The beginning of the school year and the cupboard is, yet again, bare. I’m sure I left plenty of baked goods, but all that remains is some neglected fruit cake and a container lined with biscotti crumbs. The Horror puts in a request for pistachio friands. He had spent many months of solid nagging to get me to develop a recipe for these that he would find acceptable. Most recipes are just for plain friands with a couple of pistachios dumped on top, not even to be thought of. I managed to make some a couple of weeks ago, and he condescended to enjoy them very much. I even offered one to his piano teacher with his weekly cup of tea, but felt a curiously familiar xraying sensation pass over me as I handed over the plate. The Horror has inherited his father’s icy death stare! That boy needs to learn that he doesn’t get exclusive rights to any baked goods, no matter how much of a hand he had in the development of the recipe.
It was pretty simple in the end. I’ve just substituted a cup of ground pistachios for the cup of almond meal in the traditional recipe. I’ve been grinding nuts in an old coffee grinder we possibly got as a wedding present, and it does a pretty reasonable, if rustic, job.
So the recipe, if you want it, is really simple. You just mix together a cup of, in this case, pistachio meal, three quarters of a cup of flour, one and two thirds of a cup of icing sugar and a teaspoon of baking powder. Add 125 grams of melted butter and three eggs and mix well.
Except that I didn’t have any icing sugar, because someone at Coles today had my shopping list and had gone around before me taking everything I wanted off the shelves. I hate them so much. No, I won’t love Coles brand soft icing mixture instead, it’s probably made with the ground up souls of exploited farmers. So I gave my new blender an appraising look, and tipped in some caster sugar. I started it off slow, then cranked it up until there was a whirling snowstorm of sugar in there. Great, I won’t need to buy icing sugar any more. I should probably consider doing the nut meal in there too. What an excellent Christmas present that was.

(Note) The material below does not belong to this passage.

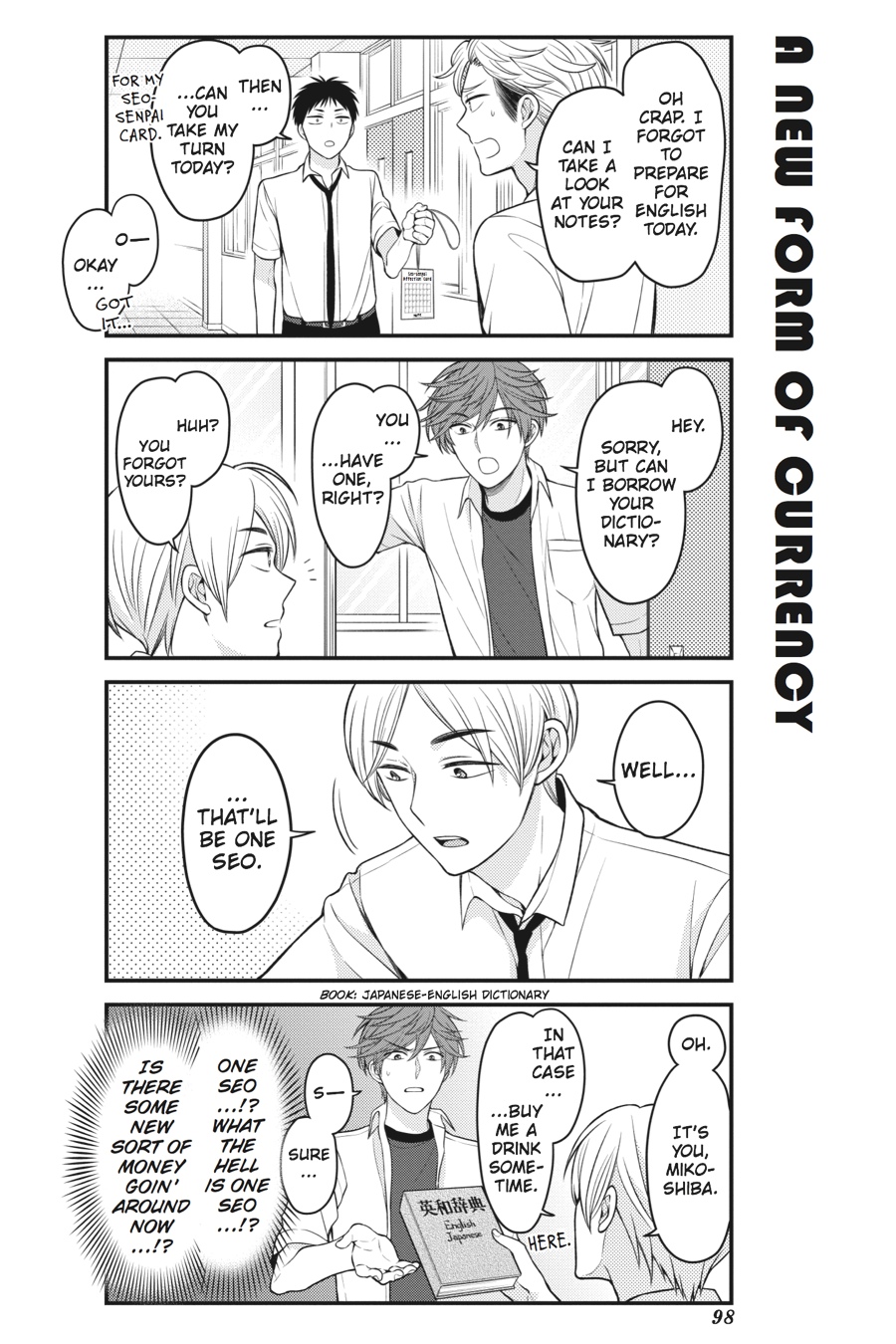 Monthly Girls' Nozaki-kun Chapter 77 - Page 10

Where were we? Oh yes, spoon the mixture into friand tins. That’s if you really want to thoroughly grease and flour them. I’ve been experimenting with using baking paper as muffin cases because I’m pretending to be an upmarket cafe, and they’re going to work well in friand tins because of the oval shape. So I take my baking paper and cut strips a third of the width across, if you see what I’m saying, then cut them off square. Yes, I should have taken a picture, but I’m in the middle of making dinner now, so use your imaginations. Poke the squares down into the friand shapes, then load them almost to the top with mixture, it doesn’t rise very much. I’m calling them rustic because of the consistency of the pistachio meal and because I’m using whole eggs. This is what they look like.

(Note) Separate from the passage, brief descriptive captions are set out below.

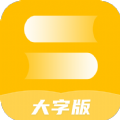 全能大字版app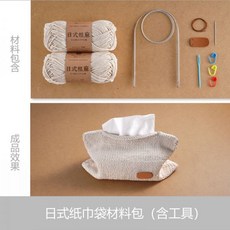 diy미니멀케이스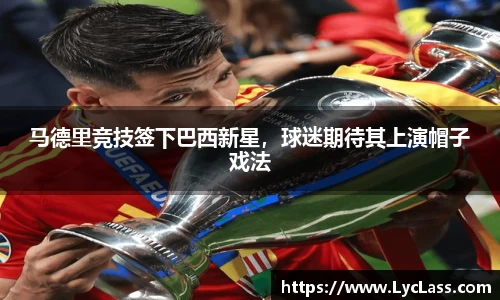 意昂体育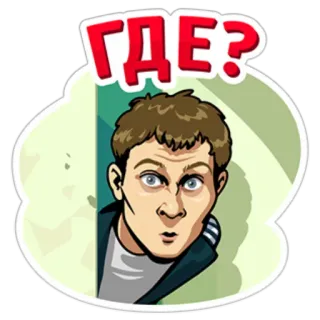 😠 ГДЕ? Frage, russisch, Sticker, Mann, wo telegram sticker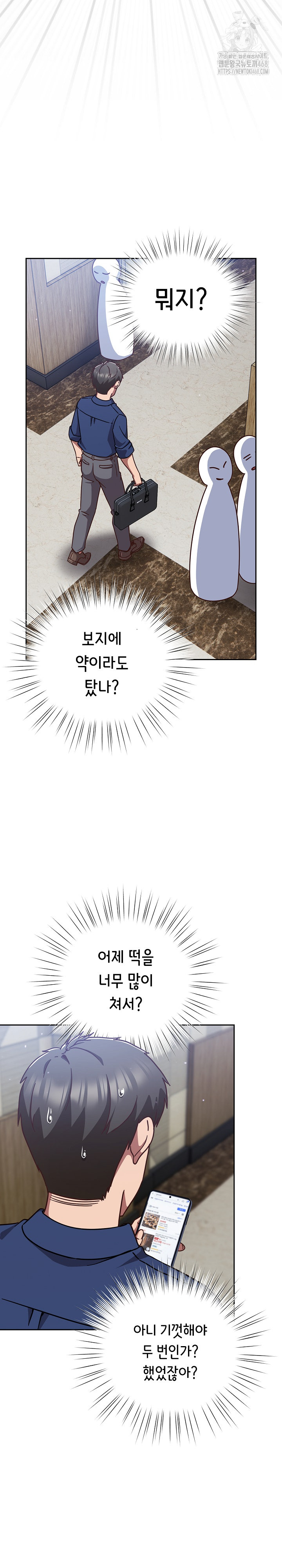 Let’s Play Hooky Raw Chapter 16 Page 22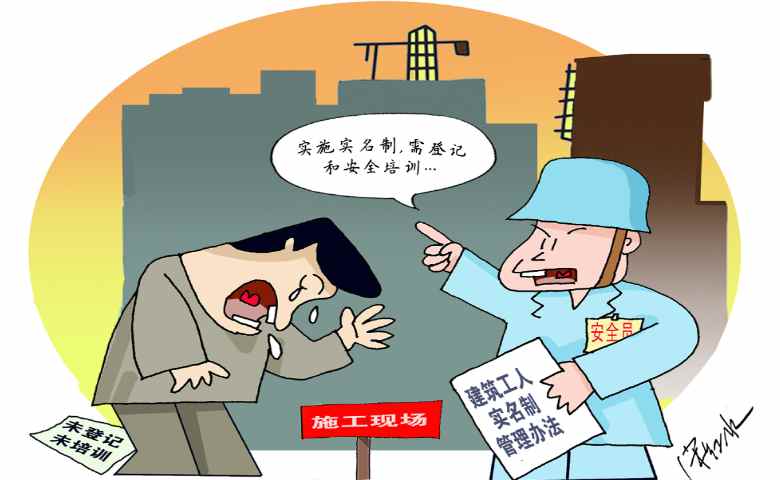 加強建筑工地實名制管理,三亞行動了!勞務(wù)實名制管理系統(tǒng) 加強建筑工地實名制管理,三亞行動了!勞務(wù)實名制管理系統(tǒng)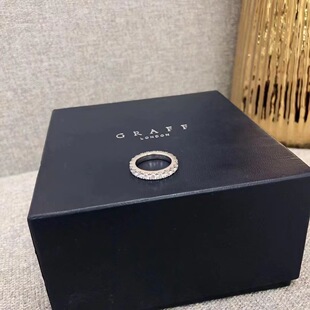 二手graff格拉夫Castle镶嵌铂金圆形钻石48号戒指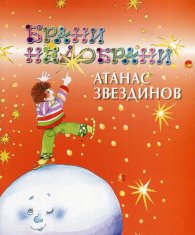 Брани недобрани. Избрани стихотворения за деца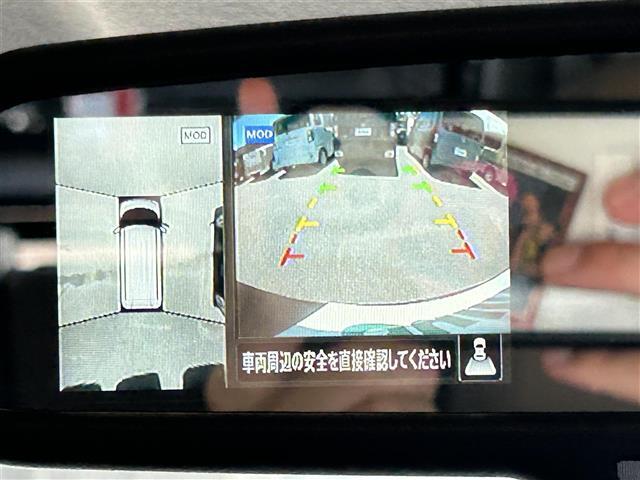 【カーナビ】ナビ利用時のマップ表示は見やすく、いつものドライブがグッと楽しくなります！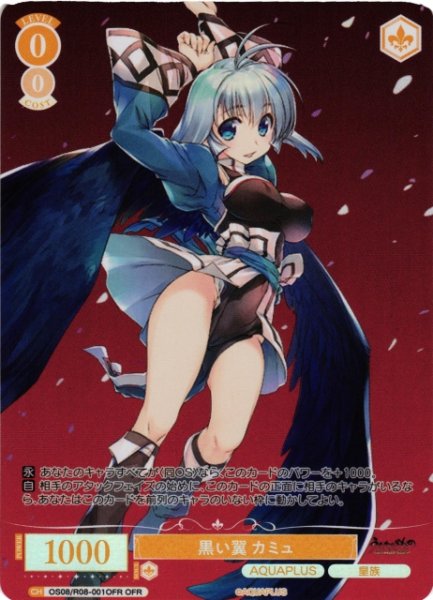 画像1: 【WSR】黒い翼 カミュ【OFR】OS08/R08-001OFR (1)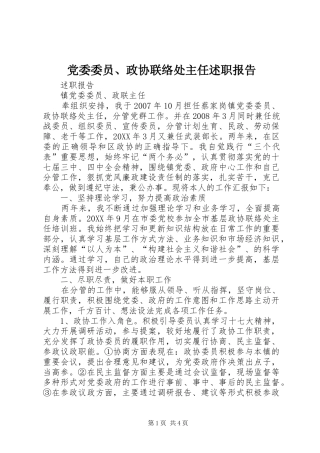 2024年党委委员政协联络处主任述职报告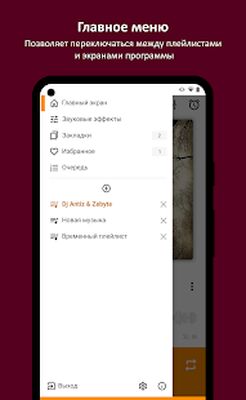Скачать AIMP [Premium] RUS apk на Андроид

They look a lot more like real friands, with that rise in the middle with a little break in it, if you use finer meal and five egg whites instead of the three eggs. With the amount if friands we get through, I’m not bothering. These have a distinct murky green colour, a slightly chewy outside and a slightly heavy but recognisably friandy crumb. They’ve gone straight to the top of the Horror’s request list.